Output only the lines below from the one holding "Getting dressed for" down to the one holding "Jones gets caught", both end lines included and every picture dropped.
Segment Start: Data supplied
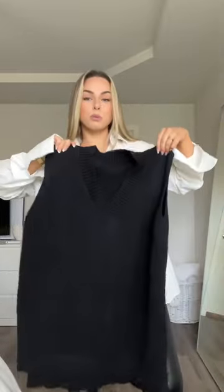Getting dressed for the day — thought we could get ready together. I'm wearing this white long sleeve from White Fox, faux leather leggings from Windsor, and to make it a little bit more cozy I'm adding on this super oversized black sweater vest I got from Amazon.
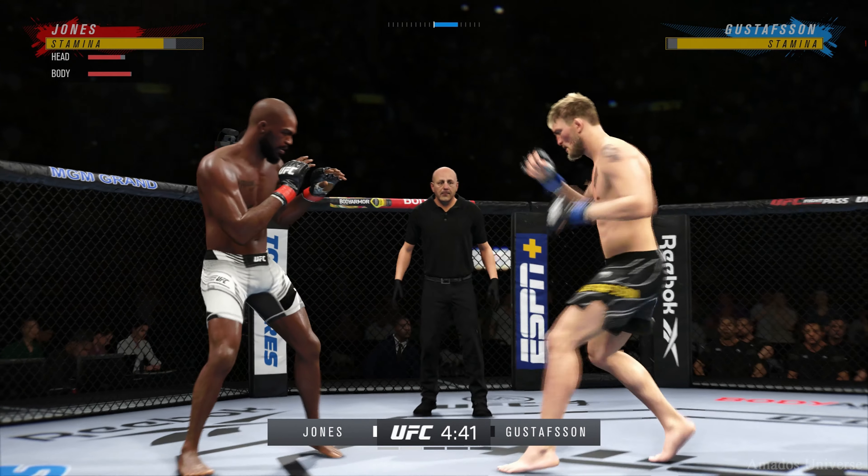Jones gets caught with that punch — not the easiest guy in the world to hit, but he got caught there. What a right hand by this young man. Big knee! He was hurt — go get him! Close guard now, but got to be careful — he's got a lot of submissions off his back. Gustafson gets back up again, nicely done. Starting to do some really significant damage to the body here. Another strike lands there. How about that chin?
Segment End: Data supplied
Segment Start: Data supplied
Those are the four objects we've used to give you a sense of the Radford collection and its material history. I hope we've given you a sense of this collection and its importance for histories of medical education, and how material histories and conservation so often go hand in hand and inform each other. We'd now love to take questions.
Segment End: Data supplied
Segment Start: Data supplied
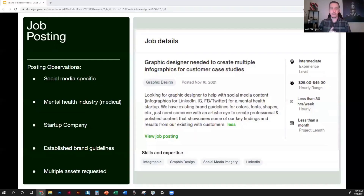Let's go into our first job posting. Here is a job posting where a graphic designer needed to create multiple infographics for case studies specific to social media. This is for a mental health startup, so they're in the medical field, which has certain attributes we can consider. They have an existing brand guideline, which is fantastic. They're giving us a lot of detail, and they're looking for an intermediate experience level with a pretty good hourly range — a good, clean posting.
Segment End: Data supplied
▶ **Exercise solution**
Getting dressed for the day — thought we could get ready together. I'm wearing this white long sleeve from White Fox, faux leather leggings from Windsor, and to make it a little bit more cozy I'm adding on this super oversized black sweater vest I got from Amazon.
Jones gets caught with that punch — not the easiest guy in the world to hit, but he got caught there. What a right hand by this young man. Big knee! He was hurt — go get him! Close guard now, but got to be careful — he's got a lot of submissions off his back. Gustafson gets back up again, nicely done. Starting to do some really significant damage to the body here. Another strike lands there. How about that chin?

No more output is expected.